WHAT IS BEING ASKED - Write out, with no changes, every line starting at the one that contains "4 1/2 CT. Tw." and ending at the last line of the data below. Leave pictures out.

BEGIN

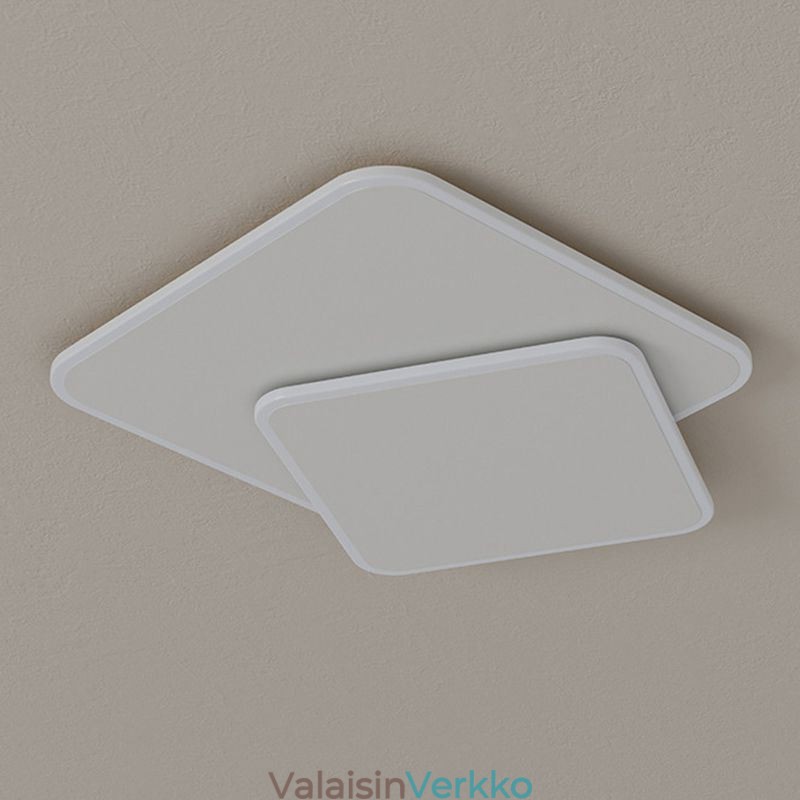 Uppoasennettu kaksinkertainen neliömäinen kattovalo
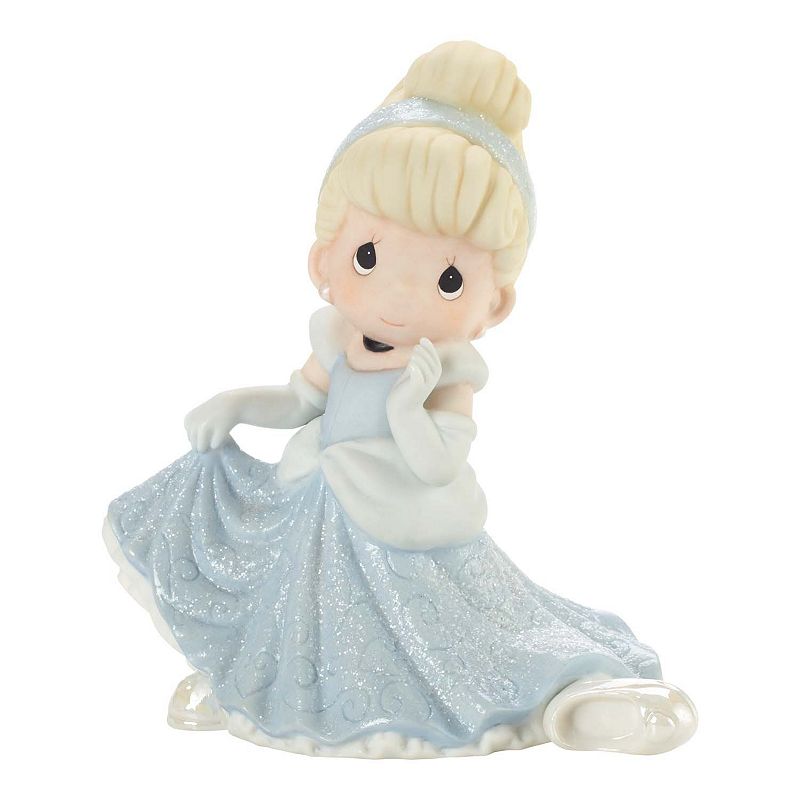 Disney Cinderella Figurine Table Decor by Precious Moments, Blue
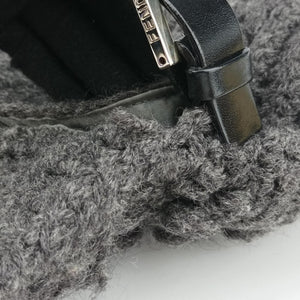Pre-owned Fendi Baguette Grey Wool × Leather 16 160 shoulderbag | stylenewstar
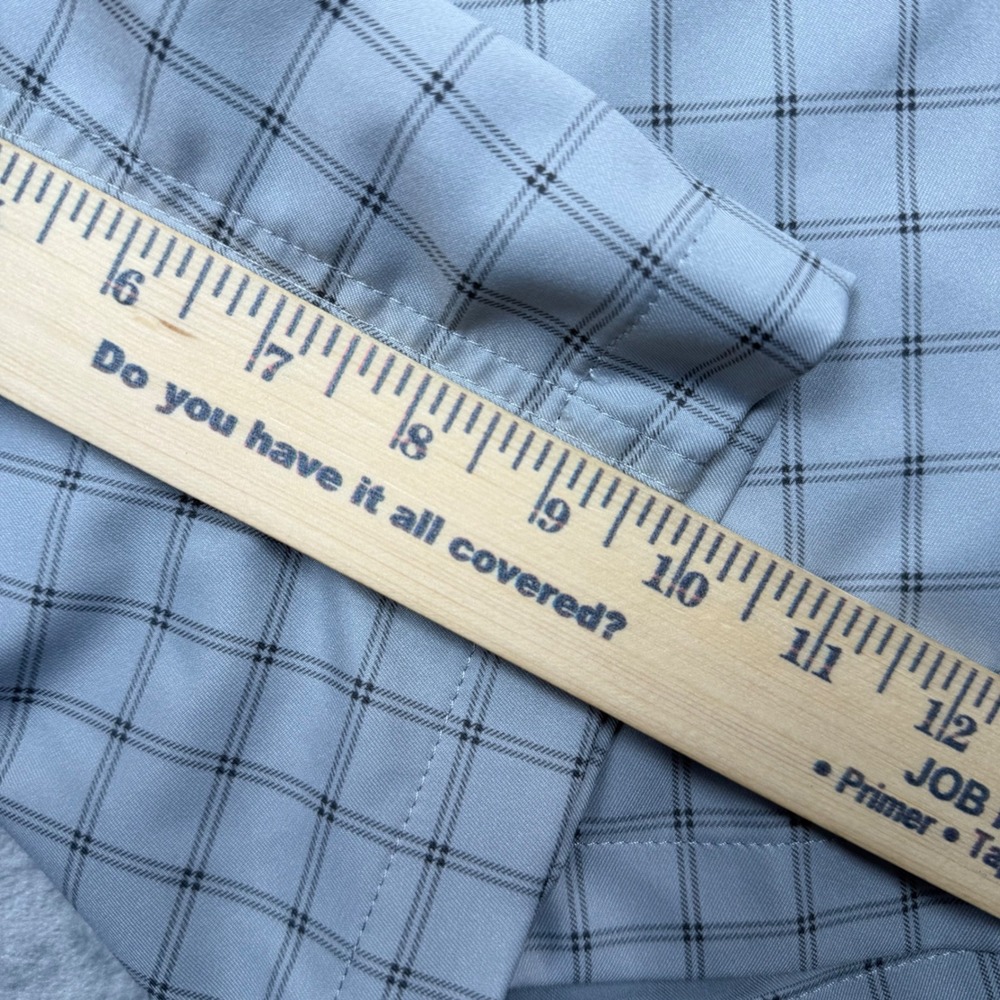 Nike Golf Shorts Mens 42 Grey Plaid Dri-FIT Standard Fit Flat Front 0626-0378 - Picture 9 of 11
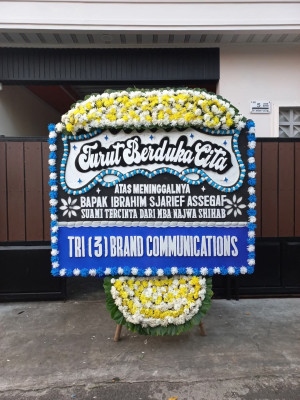 Papan Bunga Duka di Koto Lolo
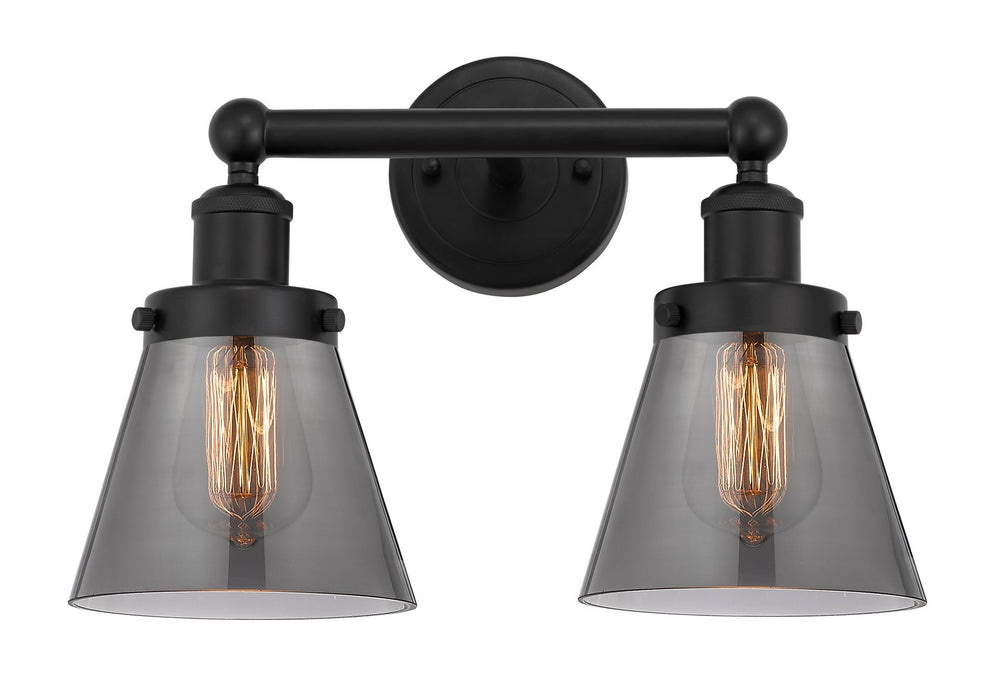 Innovations 616-2W-BK-G63 Two Light Bath Vanity, Matte Black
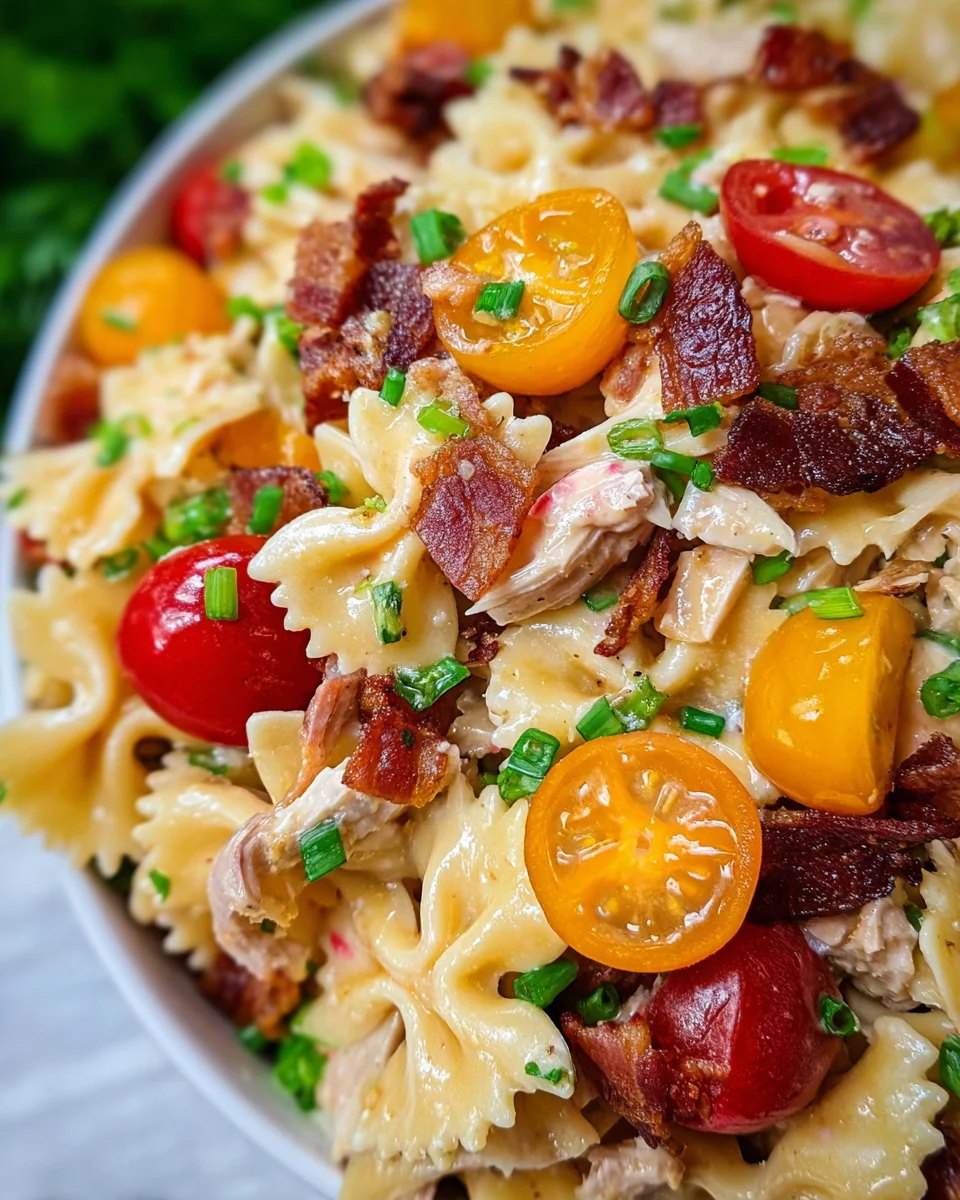 Crack Chicken Pasta Salad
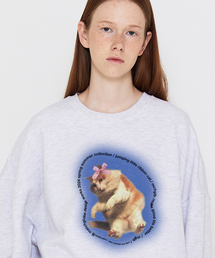 MATCHGLOBE（マッチグローブ）の「リボンキトンスウェットシャツ（ライトメランジ）（スウェット）」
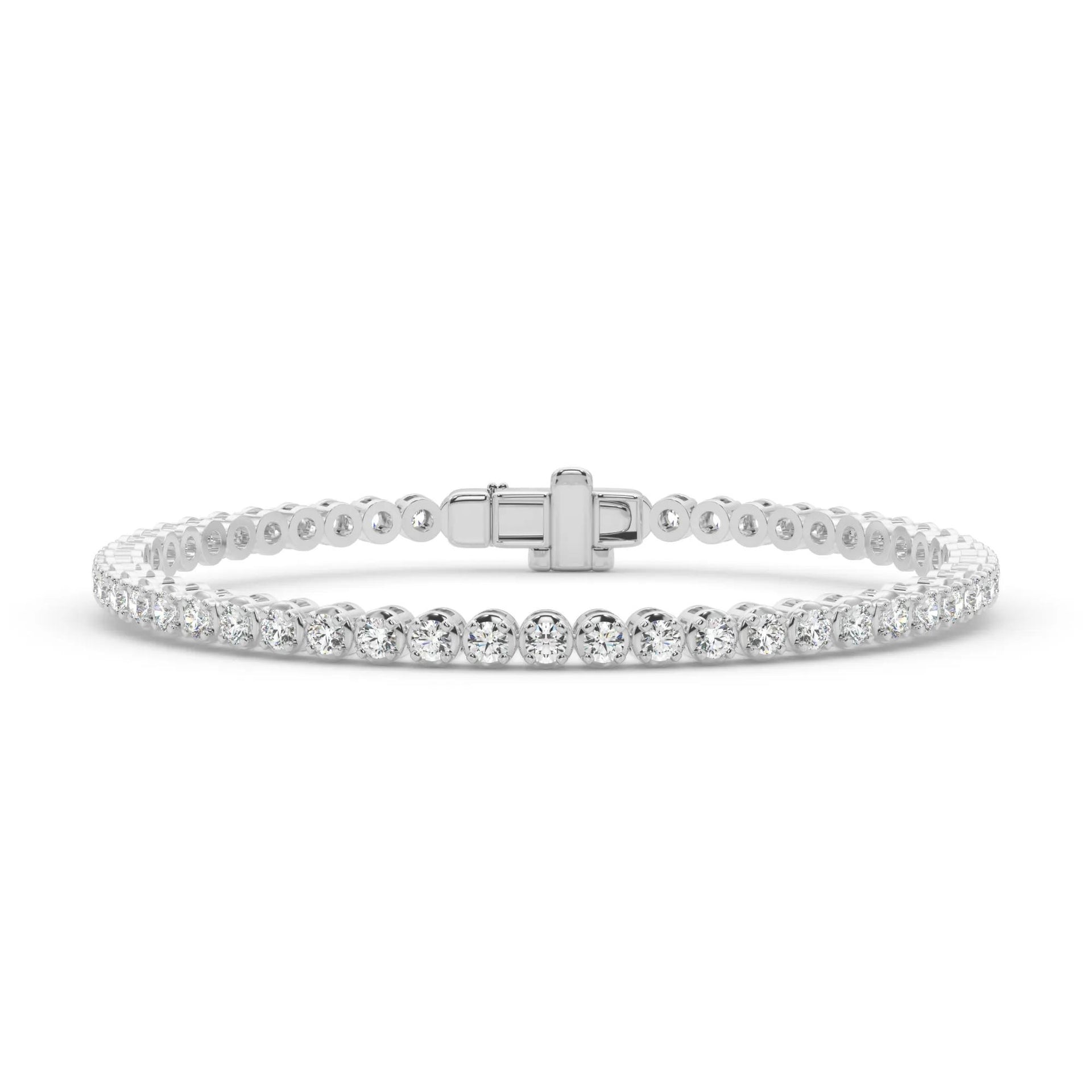 4 1/2 CT. Tw. Diamond Tennis Bracelet 10K White Gold Size 2.00mm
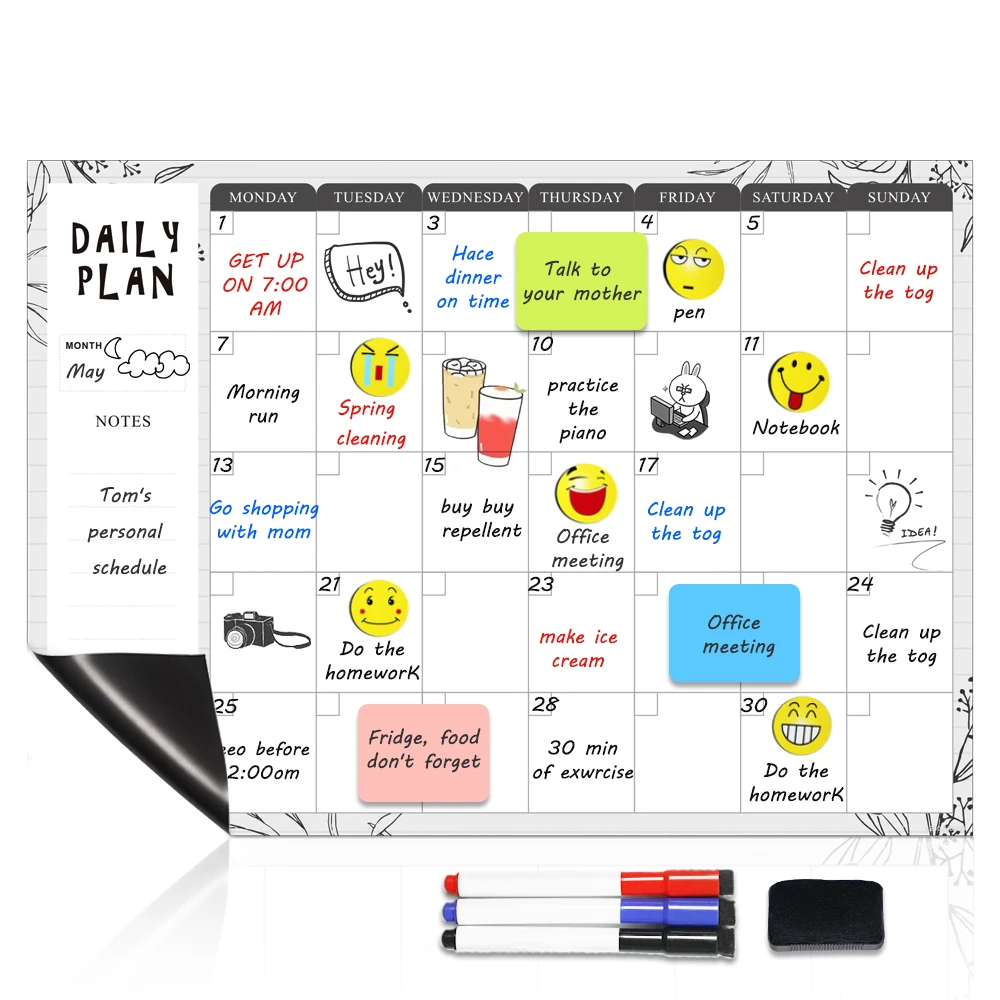 

Wholesale 17 x 13 fridge calendar fridge magnet custom magnetic calendar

END

RESULT FOR THIS EXERCISE -
 4 1/2 CT. Tw. Diamond Tennis Bracelet 10K White Gold Size 2.00mm

Wholesale 17 x 13 fridge calendar fridge magnet custom magnetic calendar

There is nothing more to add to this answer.